身下傳來陸昀的悶笑聲:“被你壓我還是挺開心的。”
“這個姿勢不錯……咳!”話音被關節錯位的脆響掐斷。
時澈見陸昀不正經,五指收攏,将他的胳膊抻得更緊,陸昀見狀立刻求饒:“好好好,小祖宗,認輸認輸。”
說着雙手舉起,将自己的終端獻出。
時澈冷哼一聲,刷走了陸昀終端的點數,然後從陸昀身上起來,起身時踉跄半步,又很快挺直脊背。

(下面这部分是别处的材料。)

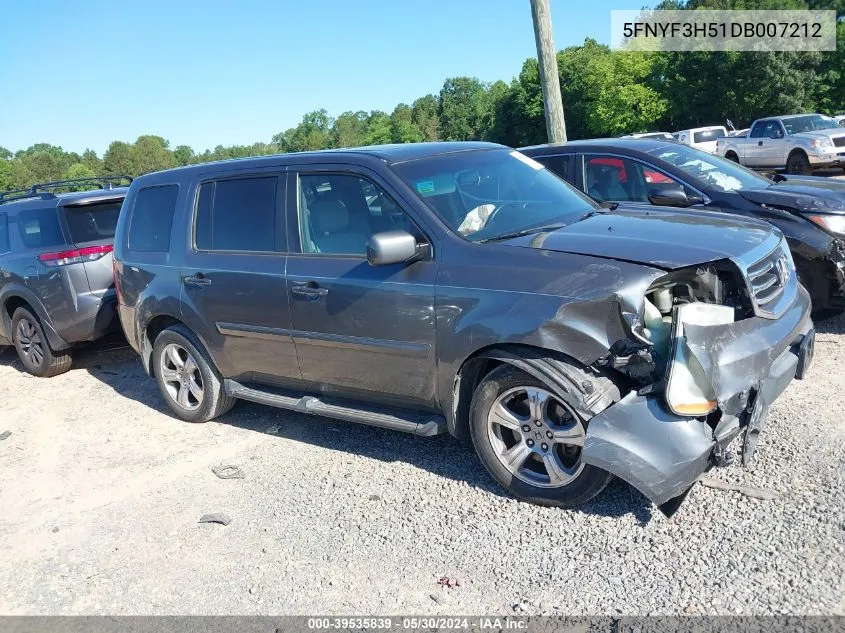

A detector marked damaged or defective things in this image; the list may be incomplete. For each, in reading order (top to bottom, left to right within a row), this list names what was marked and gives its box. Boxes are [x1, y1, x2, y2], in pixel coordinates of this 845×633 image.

crumpled hood [502, 206, 780, 268]
crumpled hood [740, 180, 844, 215]
damaged wheel well [448, 346, 620, 440]
broken front bumper [580, 286, 812, 512]
damaged front end [584, 235, 816, 516]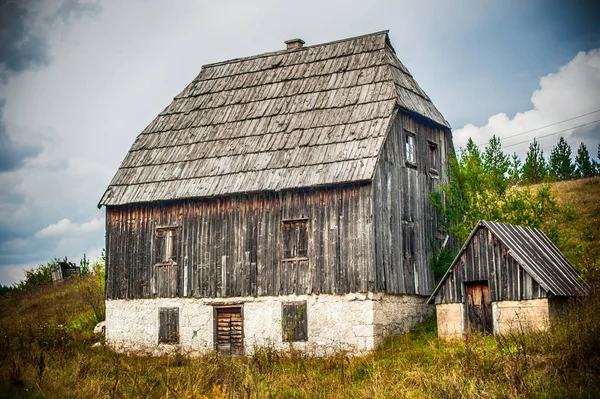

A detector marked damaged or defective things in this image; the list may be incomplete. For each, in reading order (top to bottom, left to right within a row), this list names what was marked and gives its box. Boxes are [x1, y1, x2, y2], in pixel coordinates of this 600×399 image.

broken window [155, 228, 178, 266]
broken window [282, 220, 310, 260]
broken window [158, 310, 179, 344]
broken window [282, 302, 308, 342]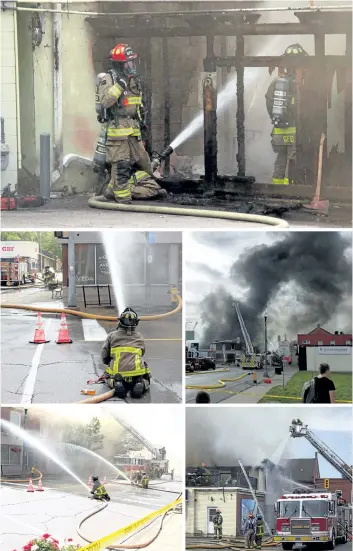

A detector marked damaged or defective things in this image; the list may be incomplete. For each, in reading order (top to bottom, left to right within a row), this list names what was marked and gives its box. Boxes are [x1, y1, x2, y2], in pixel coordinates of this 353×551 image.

burnt building interior [86, 2, 350, 205]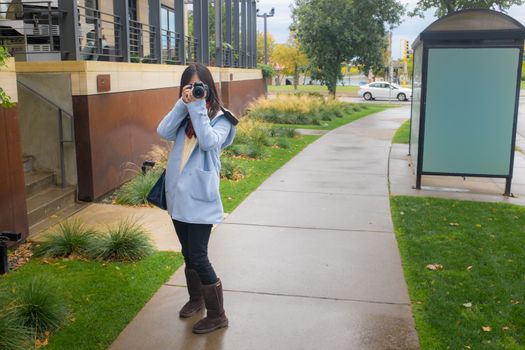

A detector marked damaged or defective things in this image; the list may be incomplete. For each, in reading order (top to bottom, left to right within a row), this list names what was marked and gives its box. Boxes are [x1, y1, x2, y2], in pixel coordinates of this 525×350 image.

rusted corten steel wall [0, 105, 28, 245]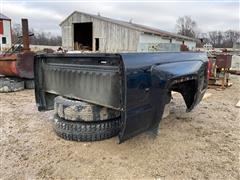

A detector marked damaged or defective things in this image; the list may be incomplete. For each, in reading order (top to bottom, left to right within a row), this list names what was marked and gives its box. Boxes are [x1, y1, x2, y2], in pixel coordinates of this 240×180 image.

rusty vehicle [0, 18, 35, 91]
rusty vehicle [34, 51, 209, 143]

時澈看着手腕上終端的點數,再擡頭看向訓練室的大屏,自己赫然位于第一的位置,他赢了,他應該感到痛快的。
但此刻他隻感到一股荒謬的憤怒,陸昀的認輸話語還在耳邊回蕩,輕飄飄的,帶着幾分調笑的意味,仿佛即使自己赢了,他依然沒被當成真正的對手。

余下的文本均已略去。